Image, Nyx merger on the rocks
Digital company failed to deliver required funds
By Susanne Ault -- Video Business, 1/30/2009
JAN. 30 | Image Entertainment has declared Nyx Acquisitions in breach of the two companies’ proposed merger agreement, the latest in a string of disappointments for the DVD supplier in its long hunt to be acquired.
Nyx, an affiliate of Q-Black and Joe Bretz, has failed to deliver a required $1.3 million to a trust account by a Jan. 20 deadline, as dictated in the original merger proposal, according to Image management. The money was going toward a $1.8 million business interruption fee, which Image would receive upon the merger not closing.
Under the agreement, struck in November, Nyx had agreed to purchase outstanding shares of Image stock for $2.75 a share.
On Thursday, Image formally notified Nyx that its noncompliance constituted a breach of the merger agreement.
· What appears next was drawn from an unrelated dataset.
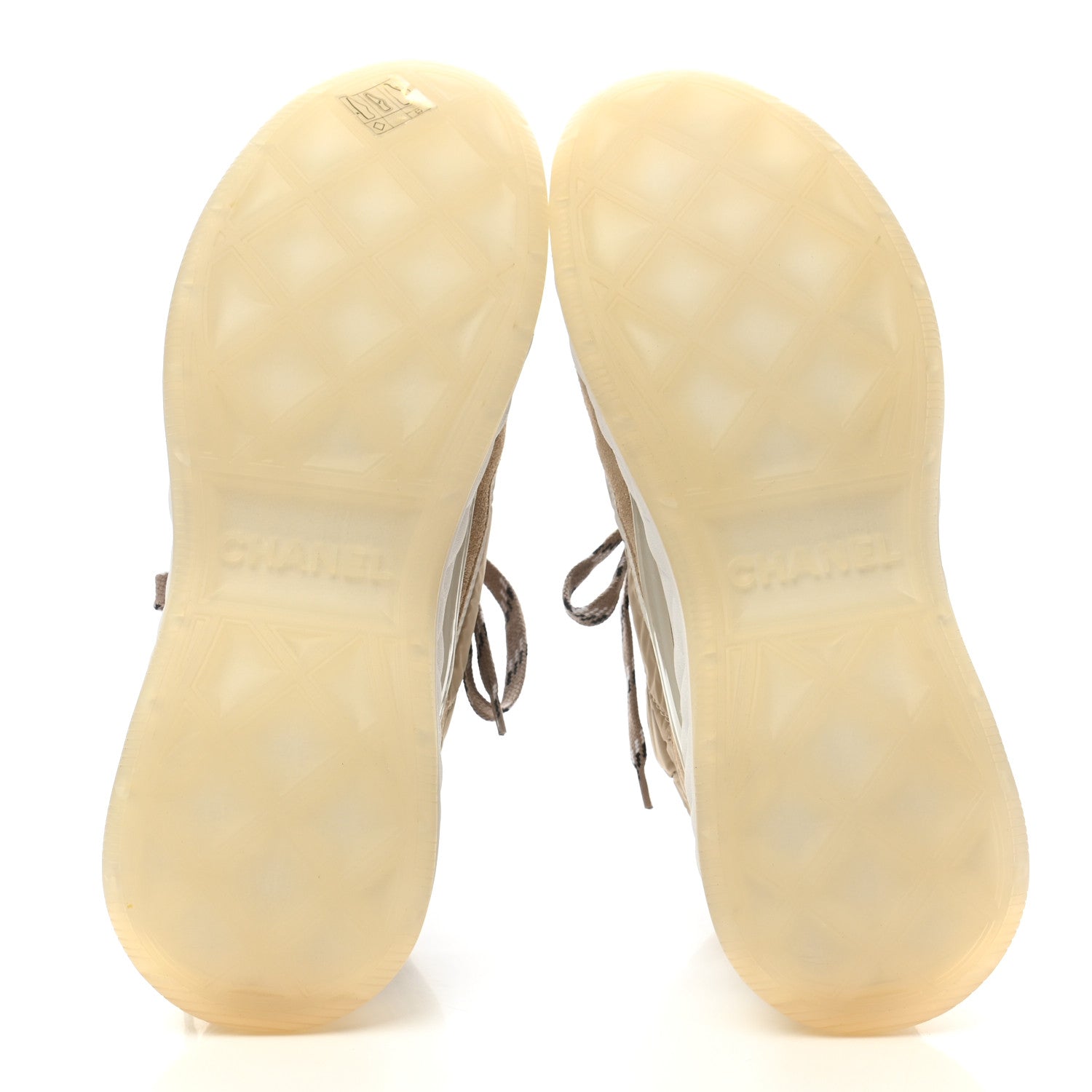 Chanel Fabric Suede Womens CC Sneakers 40 Beige 5 of 9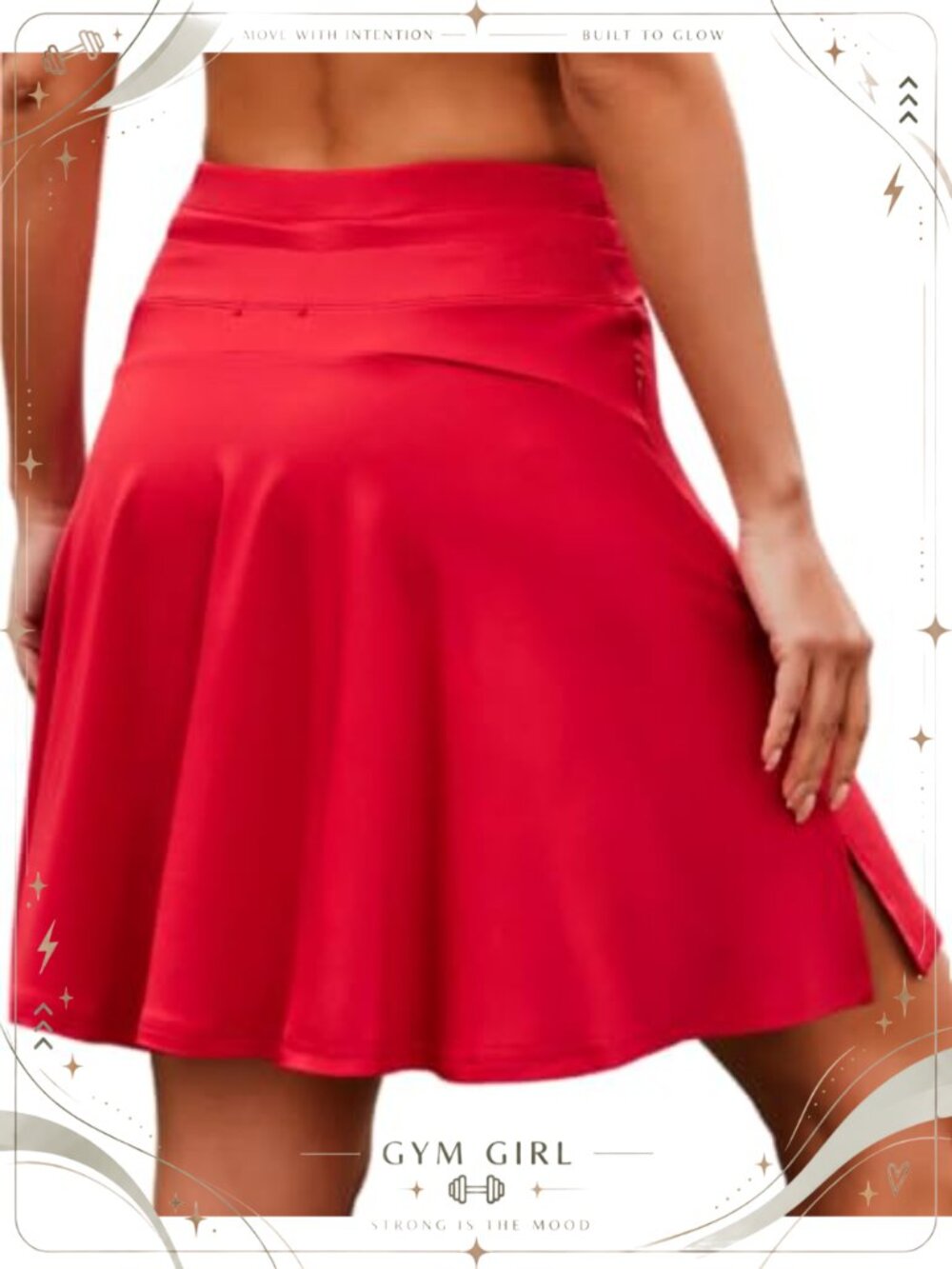 COOrun Tennis Skort 20" Knee Length Golf Skirt Built-in Shorts Pockets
Image’s board of directors is considering terminating the merger agreement or litigation to recover the $1.8 million business interruption fee.
Last year, Image similarly declared BTP Acquisition Co. in breach of contract over their proposed merger. That agreement eventually collapsed.
“The Image board of directors has determined that it is in the best interests of the company and its stockholders to formally notify Nyx that it is in breach of the merger agreement for its failure to deliver the second deposit of $1.3 million,” said an Image spokesman. “We are very disappointed that Nyx has not complied with its obligation under the merger agreement and what this failure reflects regarding Nyx’s current ability to close the transaction. If Nyx immediately delivers $1.3 million in immediately available funds and can reconfirm to our complete satisfaction that it has the ability to finance the transaction, then Nyx will no longer be considered in breach of the merger agreement and, subject to approval of Image’s stockholders at the upcoming special meeting of stockholders, the company stands ready to close. If not, we have no choice but to exercise our rights under the merger agreement, seek collection of the $1.8 million business interruption fee and pursue all other available remedies. We remain committed to enhancing stockholder value.”